● **Exercise directions**
Repeat the lines below exactly as they appear, but leave out the images.

● **Data listing**
++++++++++++++++++++

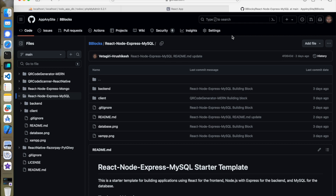Hello viewers, welcome back to Multimagic channel. In the previous video we discussed the basic communication and connection establishment between React, Node, Express and MongoDB. But in this video we are going to do the same thing using React, Node, Express and MySQL.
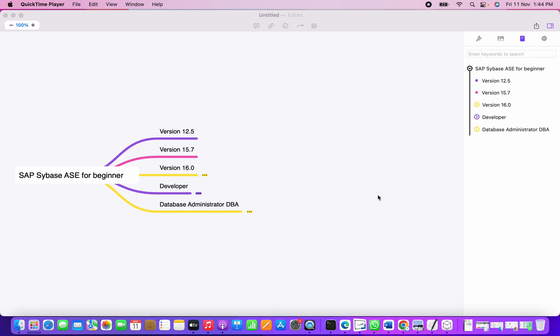This is the Sybase ASE for beginner series. I'm using mind map software to help you understand the versions and what are the roles and responsibilities for developer and database perspective. I'm working for Sybase ASE from the last 10 years.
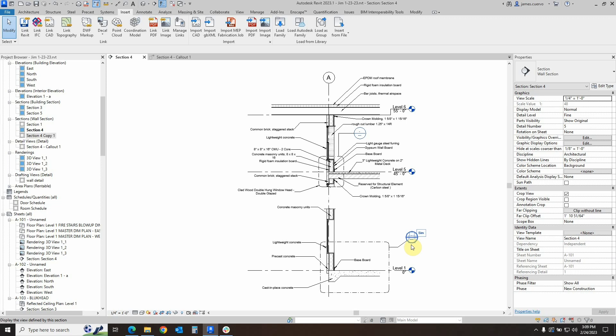In this particular example, we will be calling out a detail on the above mentioned wall section in order to annotate it in a much higher level of detail. We have used Revit detail components from the Revit detail library and it is now time to annotate them. Sounds interesting? Then let's get started.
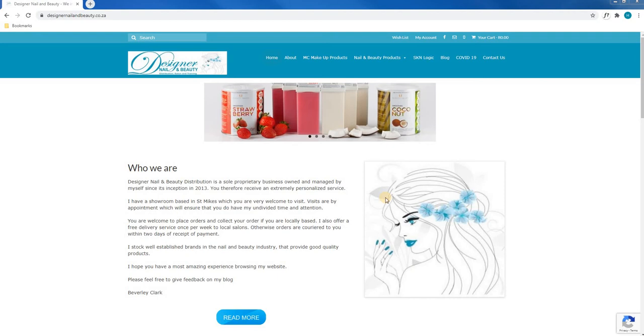Hello, in this tutorial we will show you how to login to your website. First, we will open our web browser and head over to design-and-mail-and-beauty.co.za.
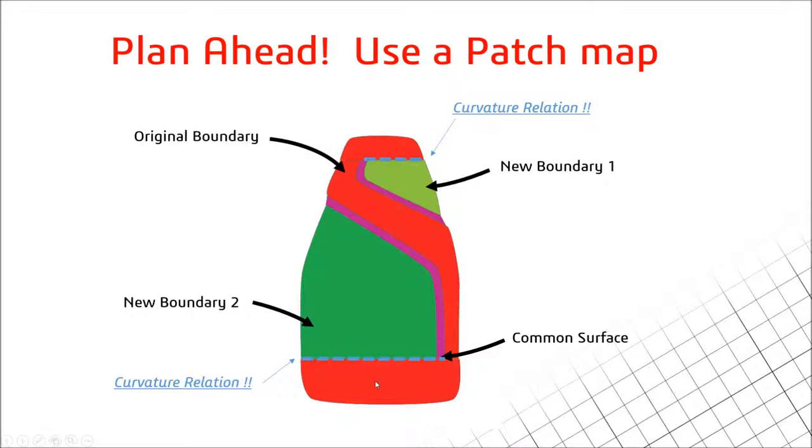There will actually be curvature or tangent relationships at the sides of these purple surfaces, but I just haven't included that on this. Those will be very thin boundaries which we use to just blend the green surfaces back into the red ones.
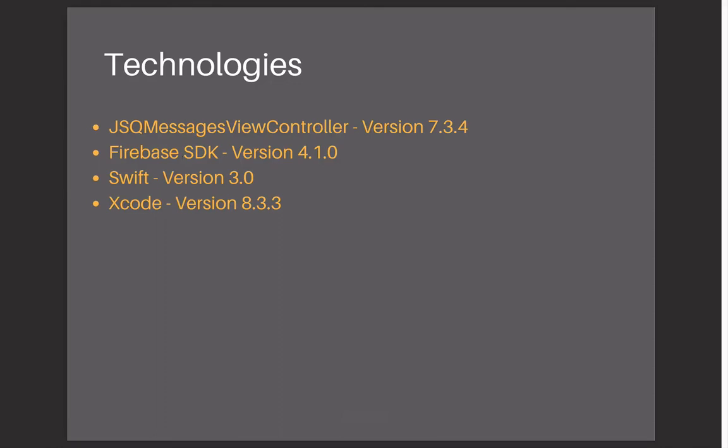Also, we are going to use the Firebase SDK version 4. Also, we are going to use Swift version 3. And lastly we are going to use Xcode, the latest version that we have now that is 8.3.3.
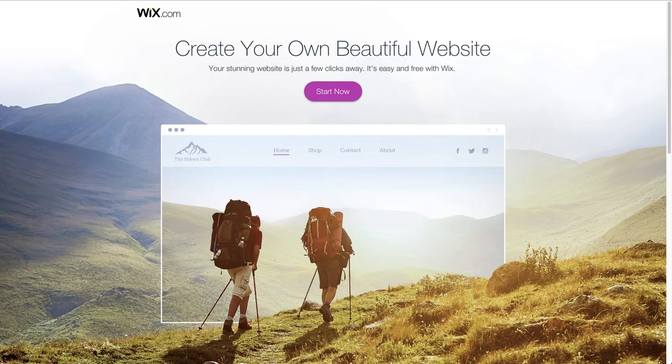Hey guys, Troy here. Welcome to today's video. In this video, I'm going to share with you how to build your own website using the Wix platform. Through the Wix editor, which utilizes WYSIWYG, you're going to see how easy it is to create and seamlessly manage your own website and all of the elements. If you're ready to get started, go ahead and click the link below this video and we will jump right in.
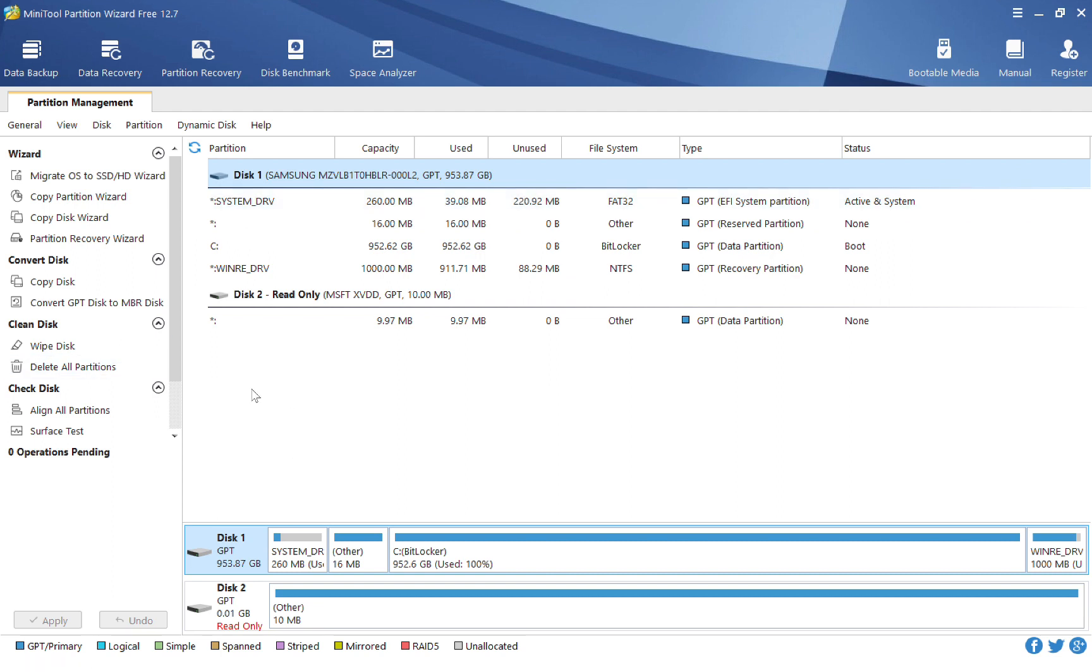So if I move around, I can see all the different details, information, and the factors that I can use to modify my partitions and my disks. Once again, the link to download this is in my description below, so go ahead and check that out if you are interested in using this platform.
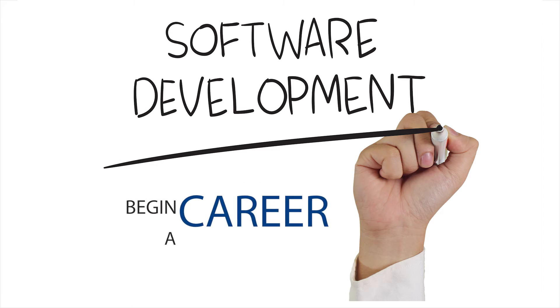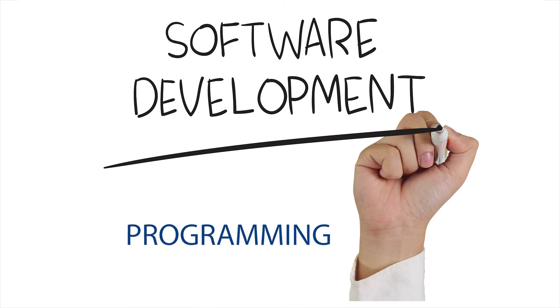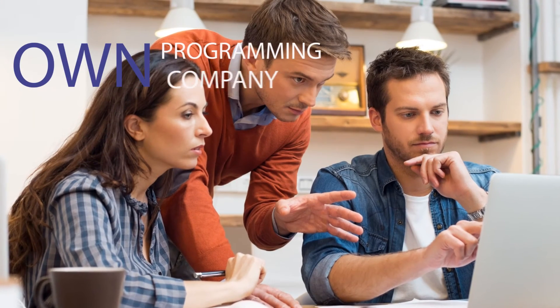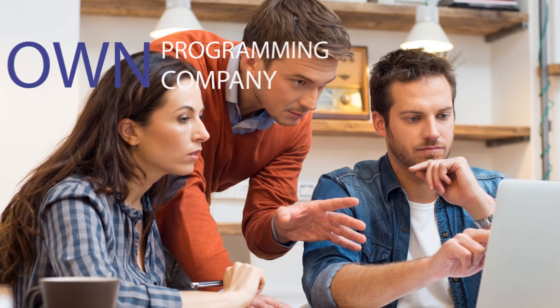This course is ideal for students that want to begin a career in programming, increase skills in their current job, or even start their own programming company. There is no prior programming knowledge needed to enroll in this course.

++++++++++++++++++++

● **Task answer**
Hello viewers, welcome back to Multimagic channel. In the previous video we discussed the basic communication and connection establishment between React, Node, Express and MongoDB. But in this video we are going to do the same thing using React, Node, Express and MySQL.
This is the Sybase ASE for beginner series. I'm using mind map software to help you understand the versions and what are the roles and responsibilities for developer and database perspective. I'm working for Sybase ASE from the last 10 years.
In this particular example, we will be calling out a detail on the above mentioned wall section in order to annotate it in a much higher level of detail. We have used Revit detail components from the Revit detail library and it is now time to annotate them. Sounds interesting? Then let's get started.
Hello, in this tutorial we will show you how to login to your website. First, we will open our web browser and head over to design-and-mail-and-beauty.co.za.
There will actually be curvature or tangent relationships at the sides of these purple surfaces, but I just haven't included that on this. Those will be very thin boundaries which we use to just blend the green surfaces back into the red ones.
Also, we are going to use the Firebase SDK version 4. Also, we are going to use Swift version 3. And lastly we are going to use Xcode, the latest version that we have now that is 8.3.3.
Hey guys, Troy here. Welcome to today's video. In this video, I'm going to share with you how to build your own website using the Wix platform. Through the Wix editor, which utilizes WYSIWYG, you're going to see how easy it is to create and seamlessly manage your own website and all of the elements. If you're ready to get started, go ahead and click the link below this video and we will jump right in.
So if I move around, I can see all the different details, information, and the factors that I can use to modify my partitions and my disks. Once again, the link to download this is in my description below, so go ahead and check that out if you are interested in using this platform.
This course is ideal for students that want to begin a career in programming, increase skills in their current job, or even start their own programming company. There is no prior programming knowledge needed to enroll in this course.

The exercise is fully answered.